McLeod, 52, announced her bid in the 2022 race on Thursday at Columbia’s Modjeska Monteith Simkins House. She is the first Black woman to run for governor in South Carolina.
“This is Bennettsville, South Carolina. A place so neglected by so many for so long that some even call it the, ‘corridor of shame.’ It’s the place where I was born. It’s the place that shaped me. And the truth is, all across South Carolina, we share similar stories, stories of love, of faith, of defying the odds,” McLeod says in a two-minute ad she released on Thursday announcing her campaign.
“But far too often across this state, we also share stories of struggle and neglect because politicians have forgotten about all but those who agree with them or fund their campaigns.”
McLeod joins a handful of Black women eyeing higher office through governorships and Senate seats, many inspired by Stacey Abrams’ gubernatorial campaign in Georgia in 2018 and Kamala Harris’ rise from California senator to vice president of the United States.
As reported by the Associated Press, two Black women are running for U.S. Senate from North Carolina in 2022: former state Supreme Court Chief Justice Cheri Beasley and former legislator Erica Smith.
In Florida, U.S. Rep.
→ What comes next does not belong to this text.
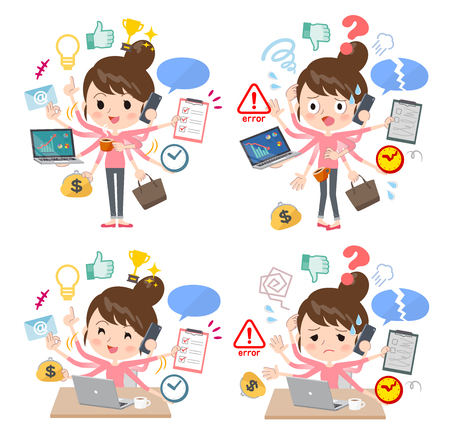 Bun hair mom Pants style_mulch task Officeのイラスト素材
Val Demings is running for Republican Sen. Marco Rubio’s seat. In April, South Carolina state Rep. Krystle Matthews, D-Berkeley, announced her bid against Republican Sen. Tim Scott.
Abrams, meanwhile, is expected to make a second run for governor in 2022.
“We are normalizing Black women’s leadership (and) seeing Black women on every ballot so that it’s second nature for voters,” said Glynda Carr, co-founder of Higher Heights for America, which supports Black female candidates.
“I’ve been fighting the status quo for 10 years, and I’m still fighting, taking on the fights no one else will, even when I fight alone.” McLeod said Thursday, to a crowd that included state lawmakers.
McLeod, so far, faces two candidates for the Democratic nomination: activist Gary Votour and former U.S. Rep. Joe Cunningham.
“I want to welcome Sen. Mia McLeod to the race for governor and congratulate her on the historical significance of her campaign,” Cunningham said in a statement on Thursday. “Mia brings an important voice to this race, and I look forward to spending time with her on the trail as we make our case to voters.”
If she wins the primary, McLeod will face incumbent Republican Gov. Henry McMaster.
“I want to be the person that is running not because I’m a woman, and not because I’m Black, but because I am so connected to and so much like the people that I represent,” McLeod told the AP.
“It’s a tremendous responsibility, but it’s one that I’m excited about,” she added.